Inherit the Wind
I first saw "Inherit the Wind" when I was 11 or 12 -- right at the age when you start to question your upbringing, the values your parents endeavored to instill in you, even your religion.
What I most remember about the movie was the scene where the brilliant defense attorney questions his opposing counsel on the witness stand, and gets him to admit that the word of the Bible is not necessarily the literal truth. Since God didn't make the sun until the fourth day, how do we know the first three days were exactly 24 hours long, he needled? Couldn't it as easily been 10 million years? And if so, how are we expected to take every single word in the Good Book at face value?
The Scopes Monkey Trial -- of which "Inherit the Wind" is a fictionalized version -- may not seem that relevant today, more than 80 years on since a Tennessee schoolteacher was accused of giving lessons on Charles Darwin's theory of evolution. But with recent polls showing public faith in evolution at an historic low, the 1960 film starring Spencer Tracy and Fredric March still resonates.
Funny what I just wrote: "Faith in evolution." It's amazing how quickly radical ideas become doctrine, ripe for the next wave of thinking to tear at their foundation.

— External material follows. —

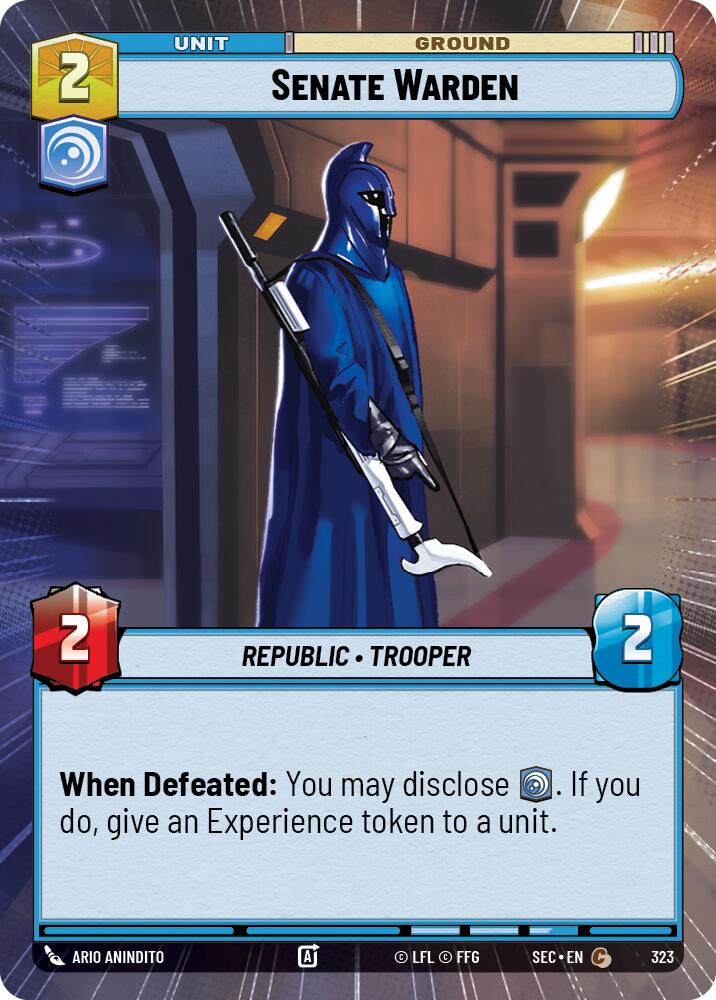 Senate Warden (323) (Hyperspace) (323) [Secrets of Power] | Odin's Place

We are so quick to divide ourselves into believer and non-believer, whether it's faith in a deity or the theories of science.
Look at how the global warming debate generally goes: Anyone who dares to express skepticism, or even point to scientific data that casts doubt on global warming is labeled a "denier" -- as if they were some sort of apostate, rather than a thinking individual with a right to reach their own conclusions.
The trial was extremely famous in 1925, and 30 years later it was made into an equally regarded play (written by Jerome Lawrence and Robert E. Lee) that formed the basis of the 1960 film directed by Stanley Kramer.
The trial itself became a spectacle because of the clash of two titans in the courtroom: civil liberties attorney Clarence Darrow and William Jennings Bryan, three-time presidential candidate and former secretary of state. The film needed to have equally giant cinematic figures standing in for them, so Tracy took on the Darrow role and March the Bryan role.
(Incidentally, the photo that runs with this article is not from the movie, but is a contemporaneous photo from the trial of Darrow and Bryan. If you watch the movie, you can see that the actors made for excellent physical matches for their parts, and the look of the small-town courtroom is also authentic -- right down to the hand fans everyone used to combat the suffocating heat. I was able to find a number of good images from the movie, but I used this photo just because I like it so much.)
The movie plays out as a series of thundering oratory battles between Darrow and Bryan, who were renamed Henry Drummond and Matthew Harrison Brady for the film. Drummond, of course, eventually gets the upper hand, though Brady is a sympathetic figure. After all, he is the one who attempts to calm the local preacher, who thunders fire and damnation upon his own daughter, who is engaged to the offending schoolteacher.
The two men spend more time addressing each other than they do the judge or the jury, and I am compelled to point out that such theatrics would not be tolerated in any courtroom, now or then.
Gene Kelly, in one of his few dramatic roles, plays a cynical Baltimore journalist who comes to cover the trial and ends up sticking his nose right into the middle of it, siding with Drummond and even sitting in at the defense table. He has a great line where the schoolteacher's fiance is summoned to be a witness for the prosecution, and he tells the teacher, "Sit down, Sampson, you're about to get a haircut." His character was based on real-life journalist H.L. Mencken, who covered the trial.
One of the most interesting things about the movie is how many supporting actors went on to have notable careers on television. The judge was played by Harry Morgan of "Dragnet" and "M*A*S*H*" fame, and Dick York as the teacher was best known as Darrin from "Bewitched." Claude Akins, as Rev. Brown, played Sheriff Lobo on "B.J. and the Bear" -- a show I'm ashamed to admit I watched religiously when I was about 9 -- and starred in a spin-off. Norman Fell, the immortal Mr. Roper from "Three's Company," played a radio guy.
"Inherit the Wind" has fallen a little in my eyes since I saw it as a questioning youngster. It's a little staged and long-winded, but still an enjoyable bit of courtroom drama. And to think that we once had movies that openly examined the relationship between God and science -- the notion of such a movie being made in Hollywood today is truly heretical.